WIN-T is a high-speed and high-capacity tactical communications network that the Army started acquiring more than a decade ago. A priority in recent years has been to make the system lighter, smaller and less complex, in response to poor customer reviews.

The newest version of WIN-T has been installed in Humvees, MRAP trucks and in Stryker light armored vehicles. But not on Bradleys or Abrams tanks.

Chris Marzilli, president of General Dynamics Mission Systems, the manufacturer of WIN-T, would not comment specifically on CERDEC’s initiative to produce a distributed aperture terminal. But he said that substituting current 20-inch dish antennas with distributed aperture terminals could be part of a broader effort to modernize WIN-T in the coming years. “SATCOM is getting more compact. The computing environment that supports signals inside the vehicle is getting smaller,” he told National Defense.

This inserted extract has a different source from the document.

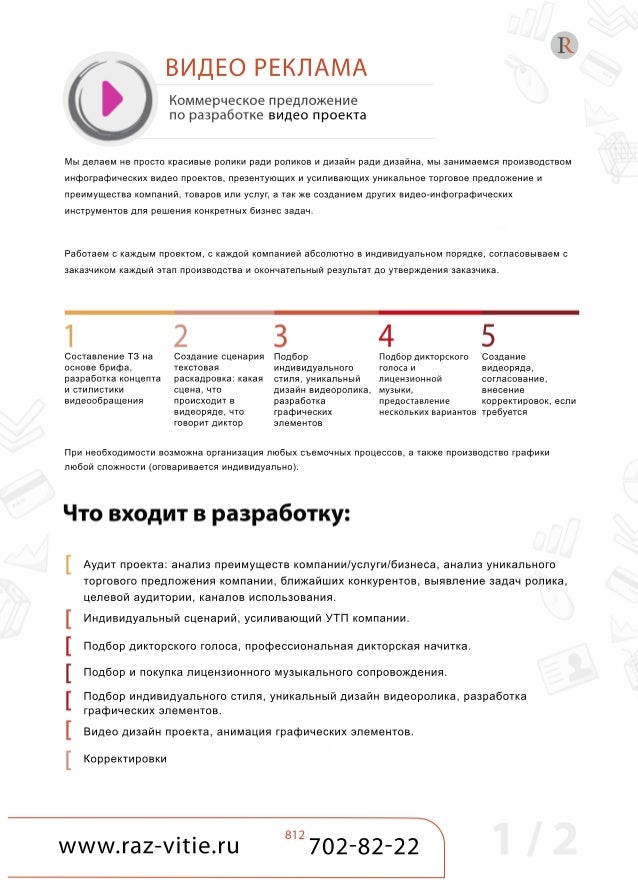 Предложение о сотрудничестве дизайн Предложение о сотрудничестве дизайн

“All kinds of evolution is happening,” said Marzilli. “We are already working on next generation SATCOM on-themove terminals, with size, weight and power in mind. They are getting appreciably smaller.”

Integrating SATCOM systems into a heavy fighting vehicle with a turret is a daunting task, he said. “Every nook and cranny is precious. It has to be well thought through.”

WIN-T mobile SATCOM so far has not fared well in operational tests. Among the hiccups is the ability to provide connectivity to mobile units at the company level. The system has a “soldier network extension,” or SNE, which is an eight-foot wide trailer vehicle that includes a satellite transponder and computer for connection to the WIN-T network. It extends the network from the brigade down to the company level. The SNE had “major usability and reliability problems,” wrote the Defense Department’s top weapons tester J. Michael Gilmore, in his fiscal year 2014 annual report.

The SNE, which has a large dish antenna, is needed to help other vehicles in a unit secure a satellite signal so they can send and receive information. One problem with the SNE is that it requires significant setup time, so instead of providing communications “on the move,” it does communications “on the quick halt,” Potter said. The Army’s goal is to give commanders high-rate communications in moving vehicles with little to no setup delays.

In the long run, Potter and other experts pointed out, even if technologies like CERDEC’s distributed aperture terminal are successful, their future still depends on whether WIN-T can overcome its current troubles.